* Instructions for the task *
In the data below, set down exactly the lines from the one containing "Free 7G Sativa Smalls x 4OZ Shake Bundle" up to and including the one containing "NFT called MOREsha HEXita". Leave the pictures out.

Segment Start: The records

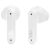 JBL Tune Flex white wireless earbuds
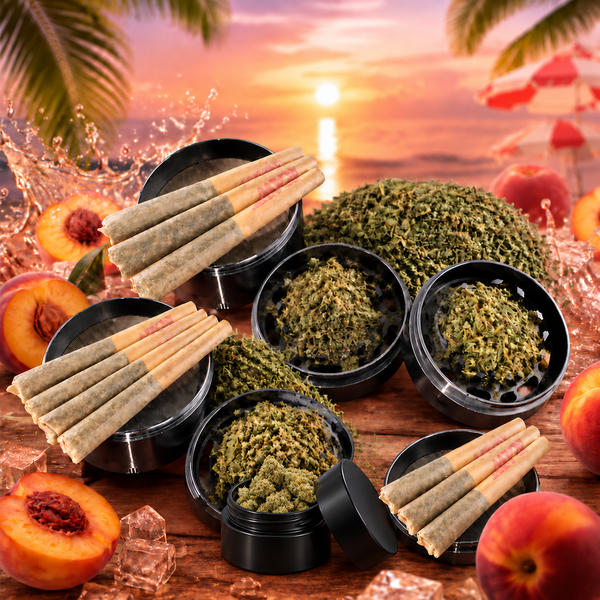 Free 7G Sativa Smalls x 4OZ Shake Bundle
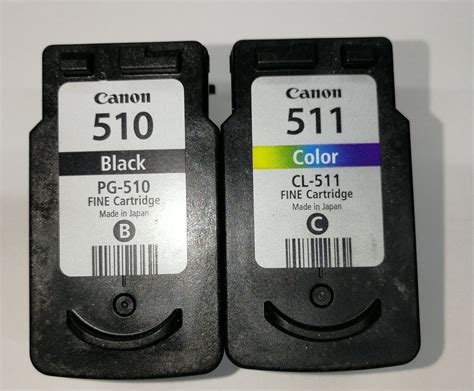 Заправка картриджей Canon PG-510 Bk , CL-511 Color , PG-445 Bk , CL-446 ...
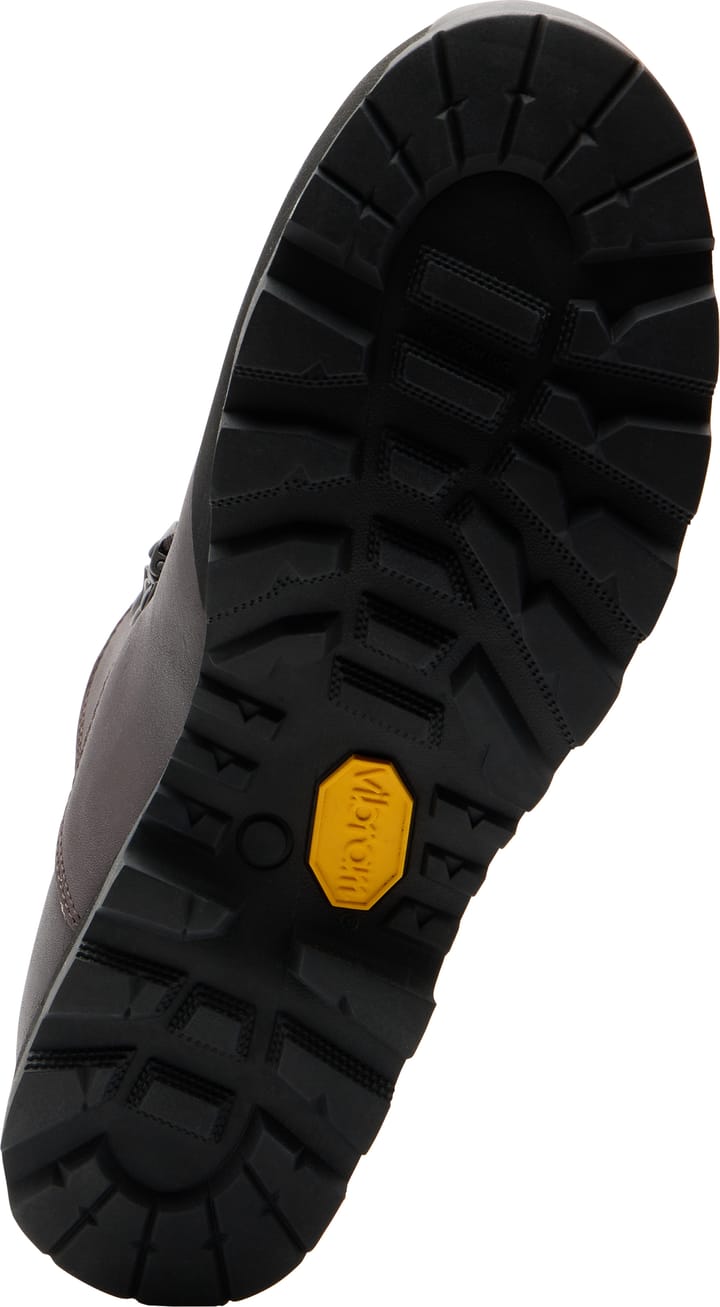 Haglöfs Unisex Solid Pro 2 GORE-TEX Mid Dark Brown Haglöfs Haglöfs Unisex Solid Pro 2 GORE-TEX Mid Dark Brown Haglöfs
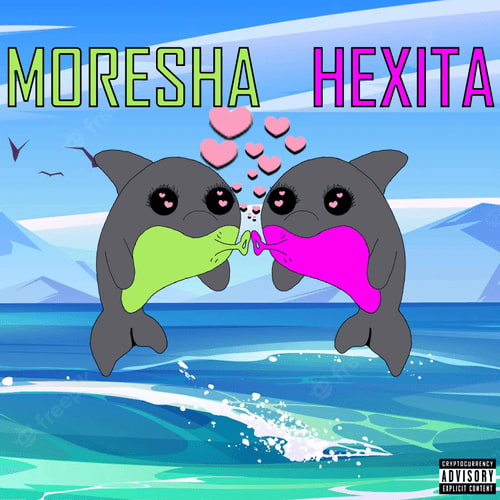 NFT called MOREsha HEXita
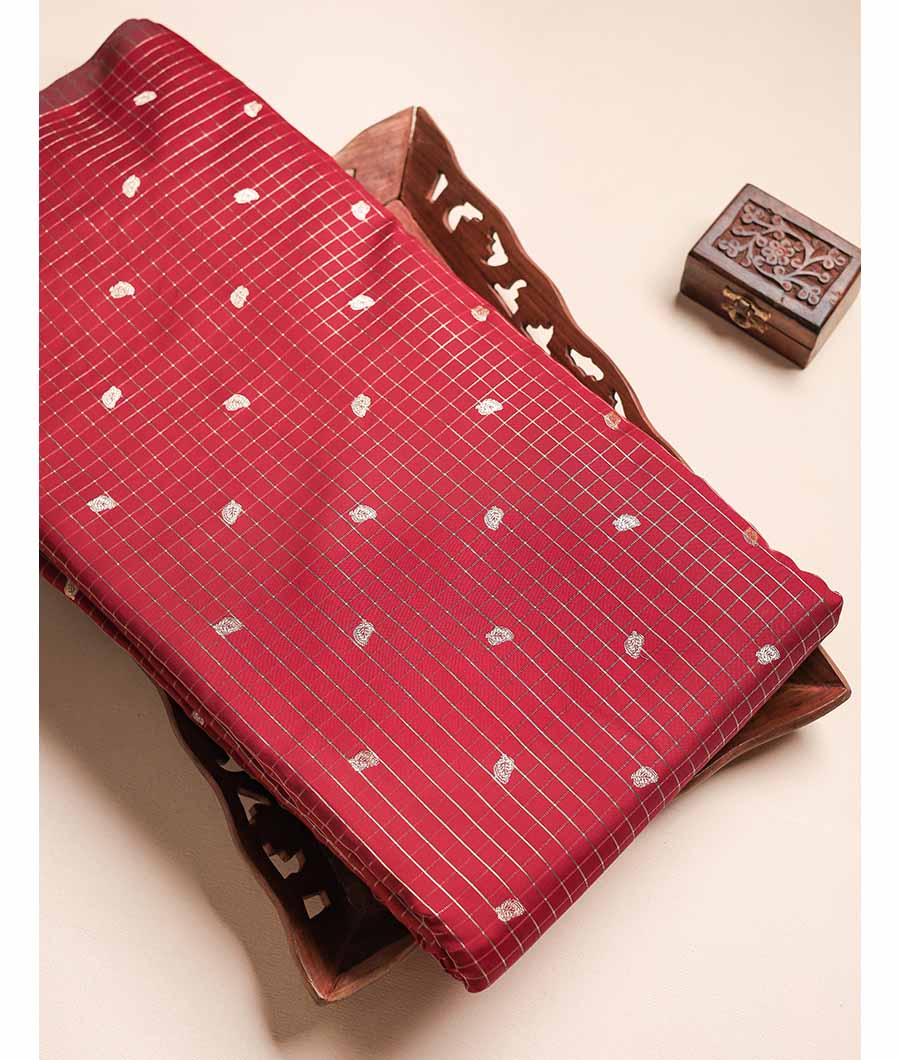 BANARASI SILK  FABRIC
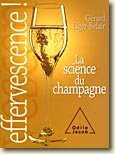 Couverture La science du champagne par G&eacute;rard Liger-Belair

Segment End: The records

* Solved problem *
 Free 7G Sativa Smalls x 4OZ Shake Bundle
 Заправка картриджей Canon PG-510 Bk , CL-511 Color , PG-445 Bk , CL-446 ...
 Haglöfs Unisex Solid Pro 2 GORE-TEX Mid Dark Brown Haglöfs Haglöfs Unisex Solid Pro 2 GORE-TEX Mid Dark Brown Haglöfs
 NFT called MOREsha HEXita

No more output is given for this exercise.